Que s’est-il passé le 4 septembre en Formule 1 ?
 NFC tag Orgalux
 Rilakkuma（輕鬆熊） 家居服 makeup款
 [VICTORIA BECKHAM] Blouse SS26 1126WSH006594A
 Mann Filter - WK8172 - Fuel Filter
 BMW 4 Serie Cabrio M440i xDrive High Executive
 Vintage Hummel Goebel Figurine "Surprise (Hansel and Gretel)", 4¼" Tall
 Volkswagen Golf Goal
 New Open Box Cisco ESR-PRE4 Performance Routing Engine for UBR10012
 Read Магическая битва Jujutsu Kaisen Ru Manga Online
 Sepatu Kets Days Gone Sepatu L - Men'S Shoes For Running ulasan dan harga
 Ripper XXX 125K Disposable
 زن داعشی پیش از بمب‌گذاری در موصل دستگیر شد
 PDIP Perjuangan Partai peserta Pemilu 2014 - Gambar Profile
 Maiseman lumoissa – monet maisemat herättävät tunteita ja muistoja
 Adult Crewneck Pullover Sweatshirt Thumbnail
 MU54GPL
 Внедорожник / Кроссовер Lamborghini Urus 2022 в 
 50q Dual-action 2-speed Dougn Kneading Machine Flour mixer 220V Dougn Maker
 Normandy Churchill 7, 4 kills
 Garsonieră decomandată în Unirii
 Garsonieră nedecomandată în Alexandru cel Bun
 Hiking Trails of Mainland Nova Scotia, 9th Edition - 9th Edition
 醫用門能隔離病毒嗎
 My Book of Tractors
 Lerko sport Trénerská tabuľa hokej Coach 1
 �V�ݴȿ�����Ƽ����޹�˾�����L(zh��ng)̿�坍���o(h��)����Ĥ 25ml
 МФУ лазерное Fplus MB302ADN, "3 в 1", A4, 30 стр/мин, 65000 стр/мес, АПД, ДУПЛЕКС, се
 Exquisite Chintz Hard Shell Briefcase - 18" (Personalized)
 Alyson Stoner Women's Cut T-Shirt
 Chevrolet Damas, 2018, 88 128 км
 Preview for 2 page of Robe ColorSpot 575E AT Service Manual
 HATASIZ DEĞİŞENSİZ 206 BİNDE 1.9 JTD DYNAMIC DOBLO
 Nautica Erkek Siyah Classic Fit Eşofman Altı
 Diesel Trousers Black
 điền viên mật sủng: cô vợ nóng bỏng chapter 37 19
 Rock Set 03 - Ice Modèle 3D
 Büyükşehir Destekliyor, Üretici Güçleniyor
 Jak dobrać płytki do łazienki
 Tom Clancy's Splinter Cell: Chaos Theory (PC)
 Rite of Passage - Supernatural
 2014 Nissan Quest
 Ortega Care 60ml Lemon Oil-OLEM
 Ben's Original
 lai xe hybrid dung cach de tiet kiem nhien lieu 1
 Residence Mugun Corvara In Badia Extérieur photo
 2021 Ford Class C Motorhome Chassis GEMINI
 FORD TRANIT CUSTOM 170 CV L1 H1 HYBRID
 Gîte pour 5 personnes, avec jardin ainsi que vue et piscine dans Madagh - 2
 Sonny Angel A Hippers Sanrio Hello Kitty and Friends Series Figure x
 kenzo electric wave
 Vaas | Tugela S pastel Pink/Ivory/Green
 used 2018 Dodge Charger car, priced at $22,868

┄┄┄┄┄┄┄┄┄┄

▶ **Problem statement**
Reprint exactly the lines above that start at the one with "Preview for 2" and end at the one with "kenzo electric wave", keeping both and adding none.

▶ **Output of the exercise**
 Preview for 2 page of Robe ColorSpot 575E AT Service Manual
 HATASIZ DEĞİŞENSİZ 206 BİNDE 1.9 JTD DYNAMIC DOBLO
 Nautica Erkek Siyah Classic Fit Eşofman Altı
 Diesel Trousers Black
 điền viên mật sủng: cô vợ nóng bỏng chapter 37 19
 Rock Set 03 - Ice Modèle 3D
 Büyükşehir Destekliyor, Üretici Güçleniyor
 Jak dobrać płytki do łazienki
 Tom Clancy's Splinter Cell: Chaos Theory (PC)
 Rite of Passage - Supernatural
 2014 Nissan Quest
 Ortega Care 60ml Lemon Oil-OLEM
 Ben's Original
 lai xe hybrid dung cach de tiet kiem nhien lieu 1
 Residence Mugun Corvara In Badia Extérieur photo
 2021 Ford Class C Motorhome Chassis GEMINI
 FORD TRANIT CUSTOM 170 CV L1 H1 HYBRID
 Gîte pour 5 personnes, avec jardin ainsi que vue et piscine dans Madagh - 2
 Sonny Angel A Hippers Sanrio Hello Kitty and Friends Series Figure x
 kenzo electric wave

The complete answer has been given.